Aug 10, 2010
I'm excited to announce the start of a new kind of project for Stamen, working with the geolocation experts at Quova to explore the opportunities for visualization of their truly ginormous dataset—geographic information on all of the IP addresses on the internet.
What's new here, for us, is that we've agreed to publicly blog about the project; not once it's finished, but as we move forward and develop new ideas. Mike has done this kind of thing before, blogging about crimespotting as it was being developed, but it's a harder thing to do with paying clients who generally need to be the first to announce to the world that a project is going live. So I'm really pleased that Quova's agreed to make this process public. Let's see how it goes!

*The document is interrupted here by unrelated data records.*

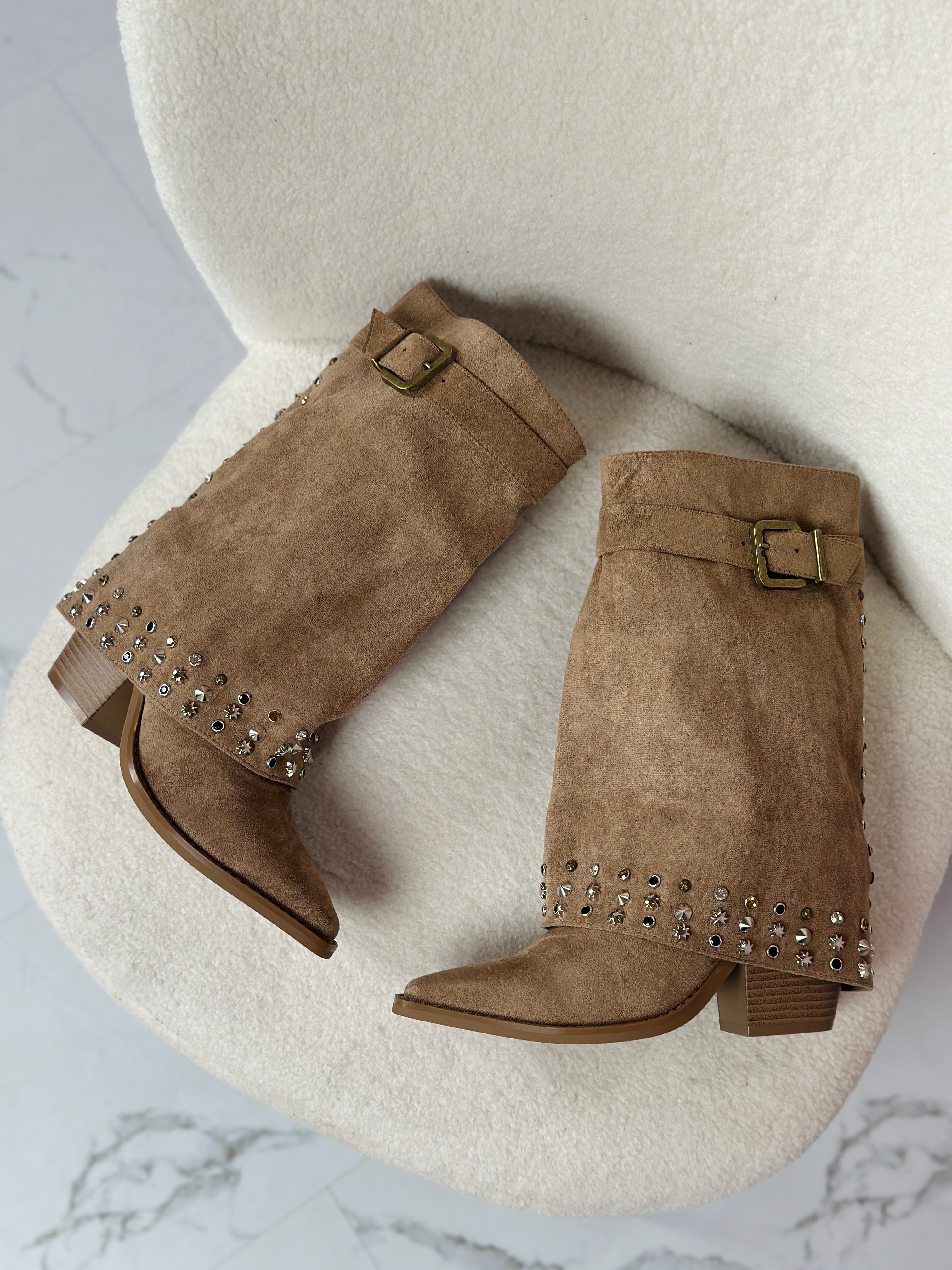 Bottes Tessy Taupe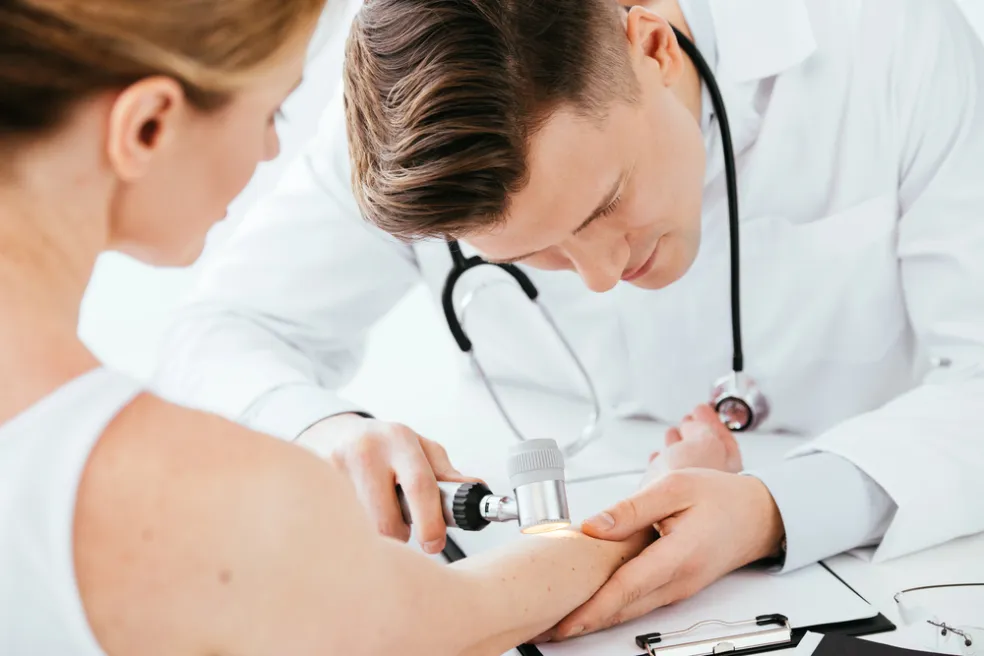 Diagnostika dermatofibrómu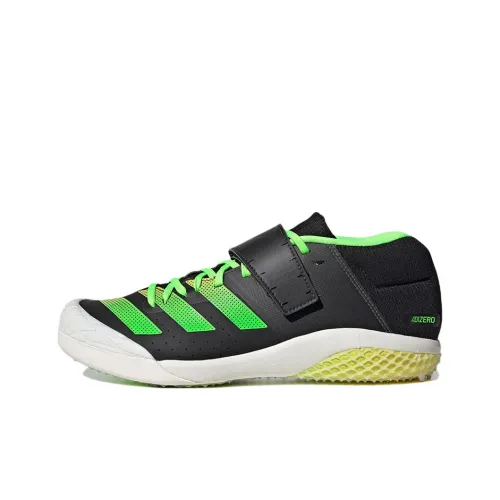 Adidas Adizero Javelin Slip-resistant Abrasion-resistant Low-top Беговые кроссовки Унисекс Черный Зеленый
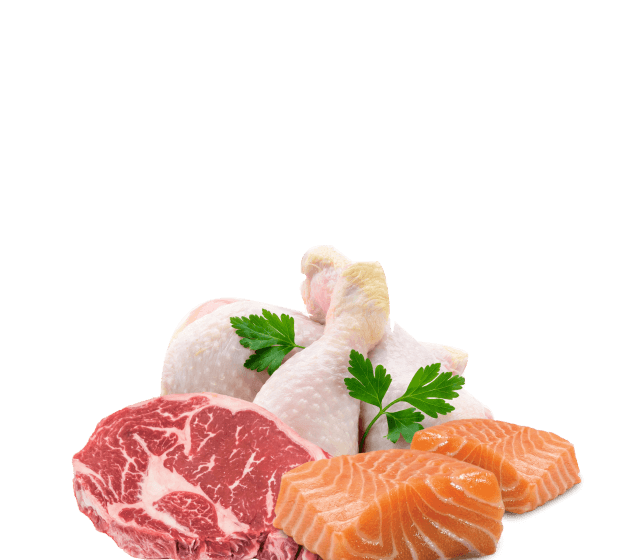 Carne, Pollo y Pescado
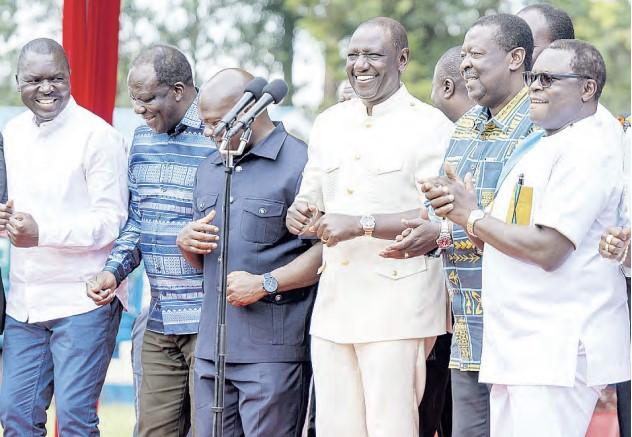 Politics of blackmail behind us, says Ruto after Rigathi removal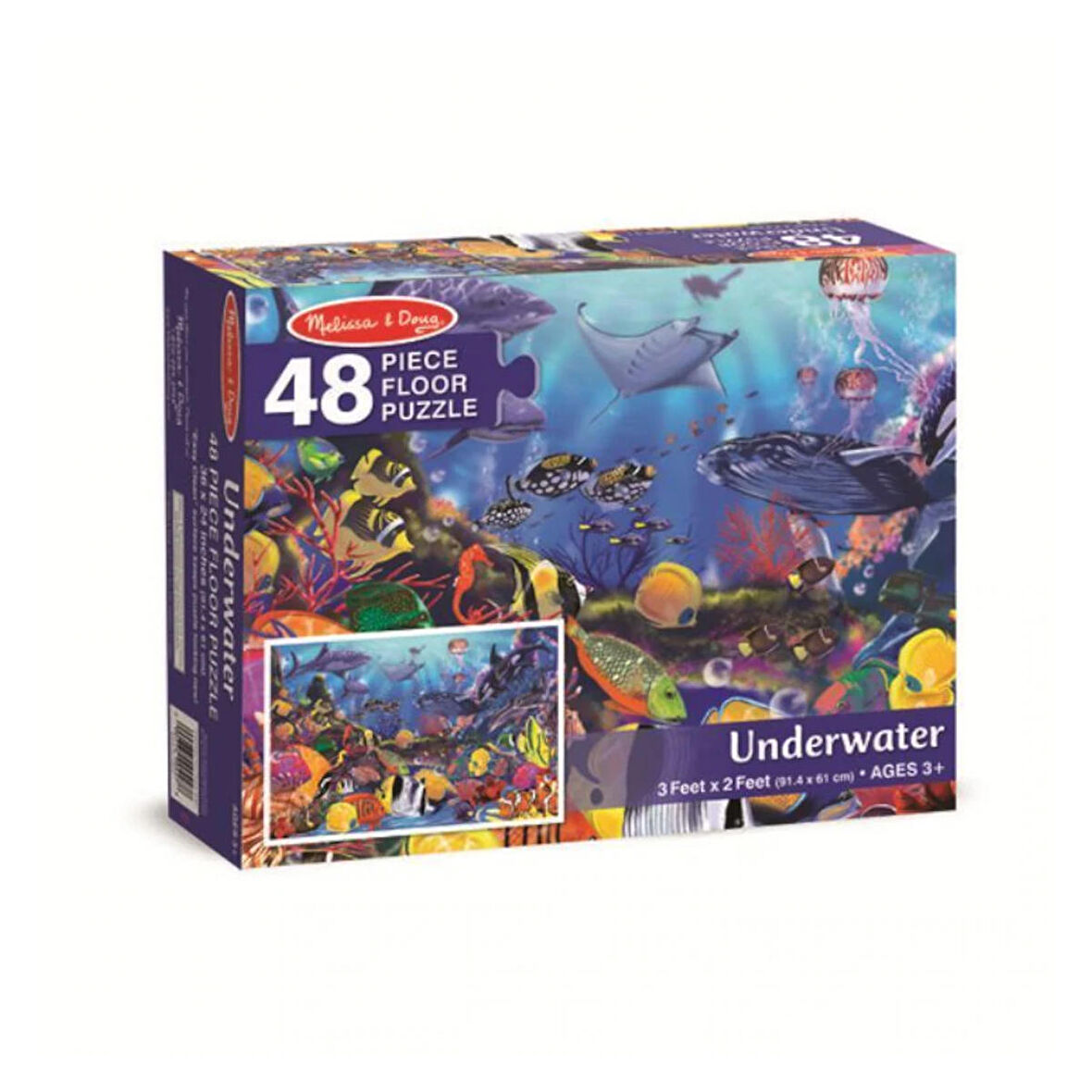Melissa Yaşam 48 Parça Çocuk Puzzle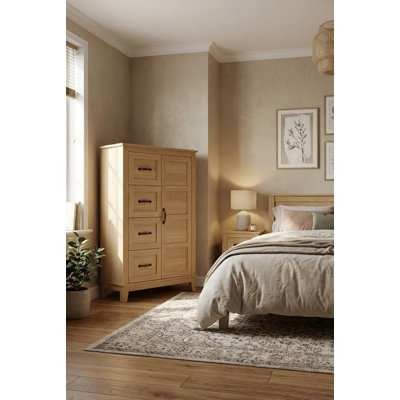 Brown Lightweight, High-Capacity, Eco-Friendly Wardrobe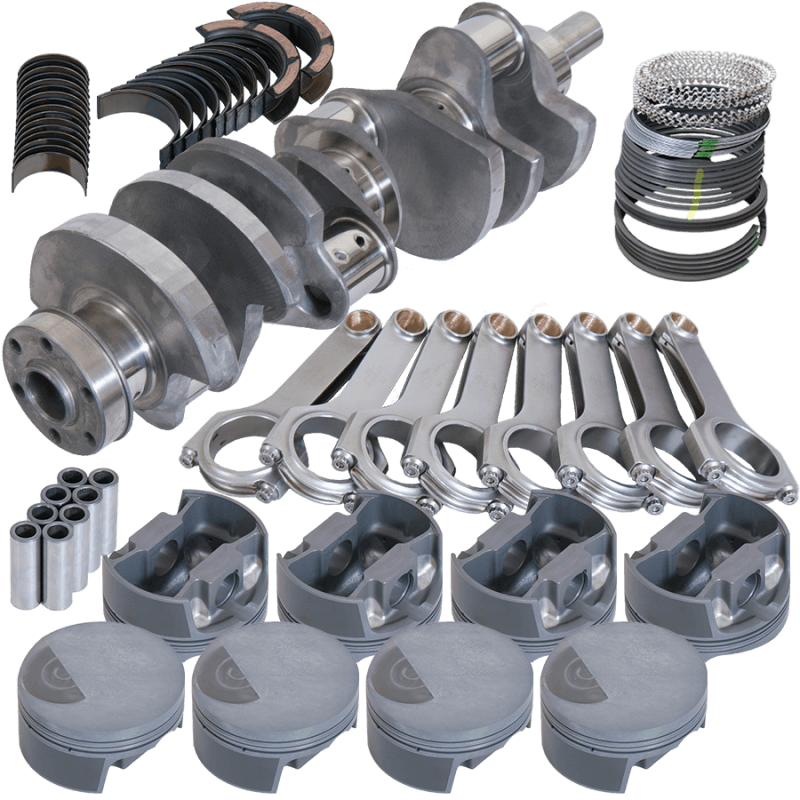 Eagle — Eagle Ford 351C 4.000in Crank 6.000in H-Beam -3.2cc Flat Top 4.030in Pistons Rotating Assembly
Competition Assembly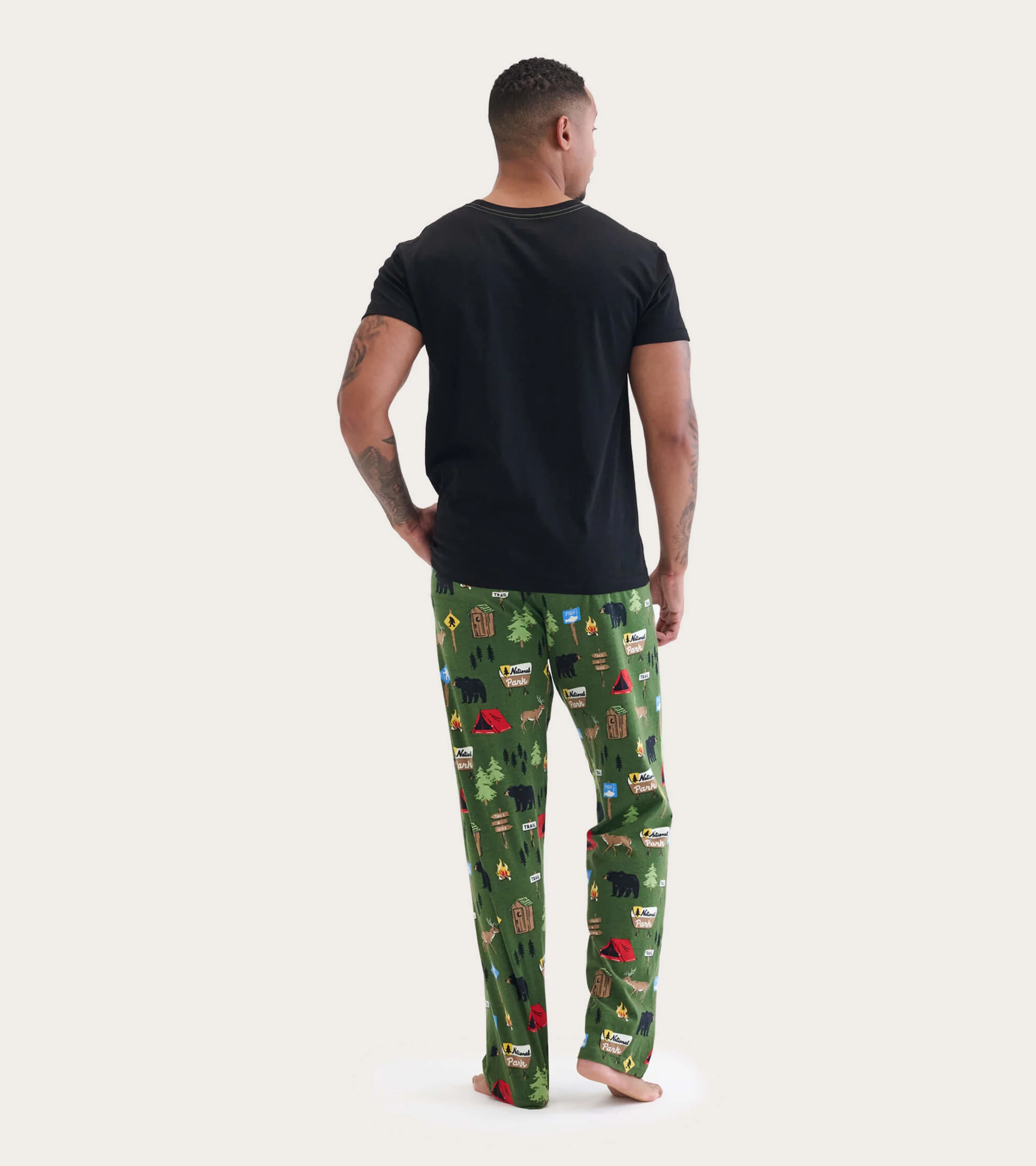 Hiking Trail Men's Stretch Cotton Pajama Pants - Image 4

Generally we divide investigative data visualization projects into three distinct phases—explore, build and refine. The idea is that you start off by wrapping your hands around the data, getting a feel for the flow and rhythm of it, and you base a project around what you find there. This approach, we hope, leads to projects that feel natural and deliberate and appropriate to the data. The alternative—coming up with an idea ahead of time and then shoehorning the data into it—runs the risk of the project feeling like a square peg being hammered into a round hole, and nobody wants that.
In this case we've separated out the initial investigation ("explore") into its own phase, with some hopefully interesting results to show. The idea of this initial investigation is not so much to figure out what the answers are, but to get a good sense of what the questions might be, and we do that by building some initial representations of the data and seeing what kinds of results come out. Mike's said more about this in a talk at User Research Friday, notes here, talk here. What we're trying to do is to come up with a basic metaphor for the project, and we do that by making stuff.
And so: back to Quova, and ginormous datasets. What Quova can tell you, basically, is where all of the computers are. The dataset is somewhere in the neighborhood of 4 billion separate addresses, changes all the time, and is of intense interest to companies like banks, online stores, newspapers, and—wait for it—internet gambling companies. For this last group, it's important for them to understand where people are logging in from, since different places have different laws about it, both in the US and in the UK (where this dataset comes from).
We talked about maps, of course, but that seemed too...pedestrian a thing to lead with, too obvious. You need to have some style with this work, y'know? We wanted to get a sense for the overall flow of things before making blinking maps (although I'm sure we'll get to those eventually). So as a first stab at understanding the data, Tom & Aaron've been building on Lee Byron & Martin Wattenberg's work on streamgraphs and continuing their investigation of solr as the backend, and pointed that at gambling data from the UK in early June 2010.
Here's a slice through what we found. All of the graphs are over the same time period; the actual values've been removed, so each of the graphs shows a different total volume of lookups, to protect the innocent. It's important to note that, since these are streamgraphs, volume is represented by the total vertical size of each section along the graph—some people have told me that they read these as positive and negative values along a central zero-axis. But more on that later.
We start out with all countries, and while Ireland, Denmark, the United States and other countries are all represented here, by far the largest country (red) is the UK, which makes sense as these are lookups for British gambling sites.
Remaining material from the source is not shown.